■ WHAT THIS TASK INVOLVES:
Exact reproduction of the listing is required. Pictures are not reproduced.

■ DATASET SECTION:
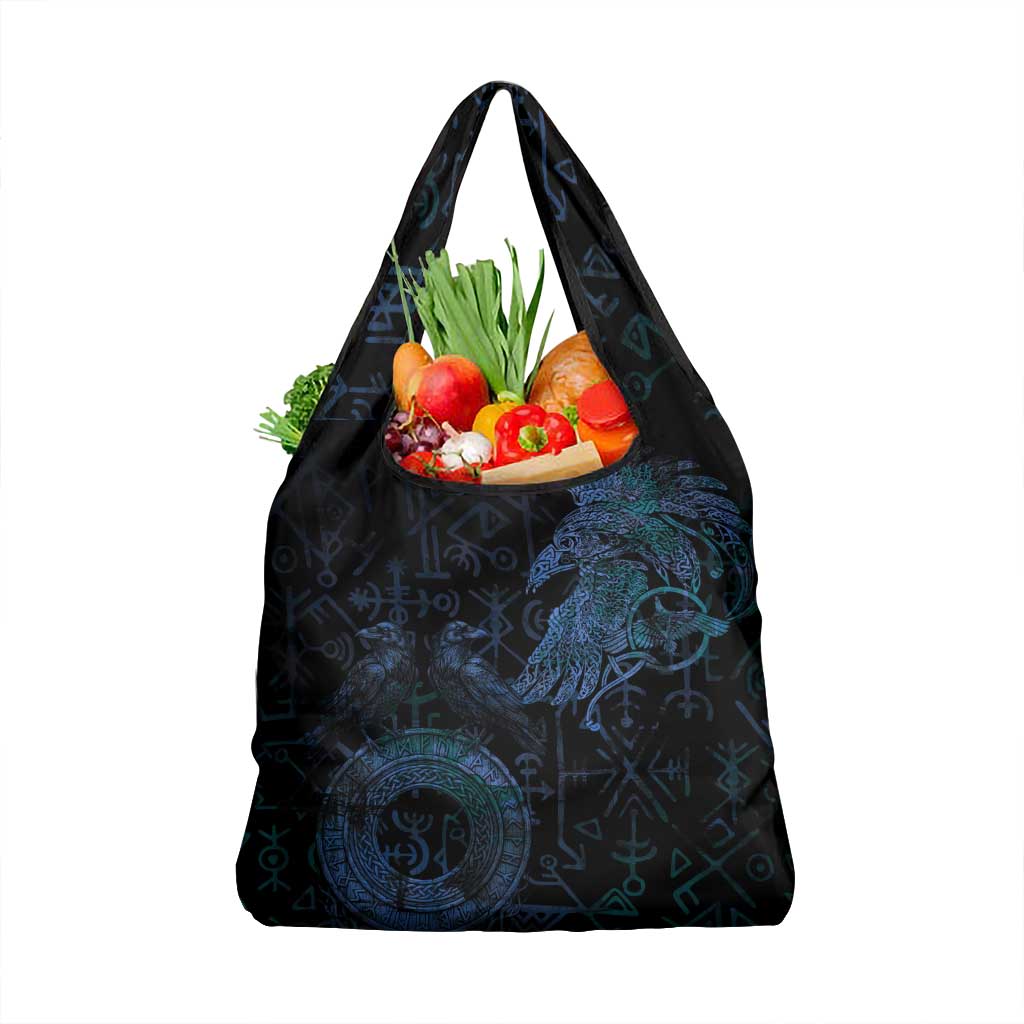 Odin Norse Mythology Grocery Bag Viking Rune Art Style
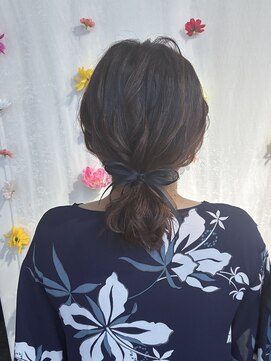 ヘアセット専門サロン by OKINAWA WATABE WEDDING 那覇店 ローポニー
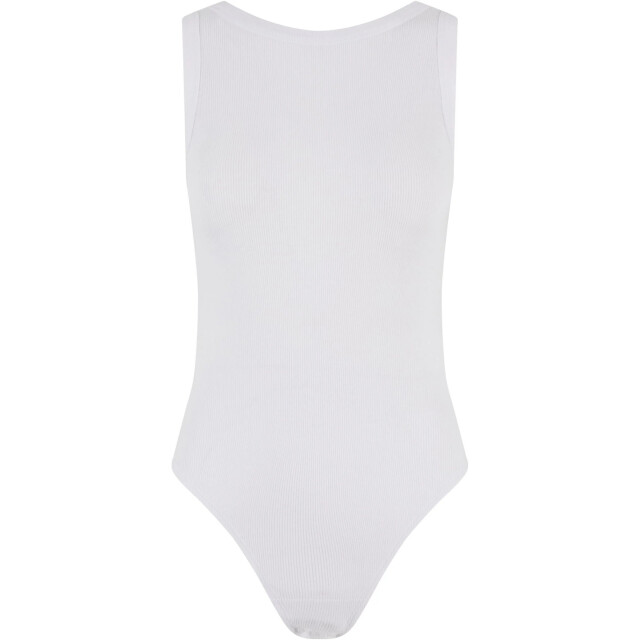 Urban Classics Dames ribbed bodysuit UTTN1589_white large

■ ANSWER TO THE PROBLEM:
 Odin Norse Mythology Grocery Bag Viking Rune Art Style
 ヘアセット専門サロン by OKINAWA WATABE WEDDING 那覇店 ローポニー
 Urban Classics Dames ribbed bodysuit UTTN1589_white large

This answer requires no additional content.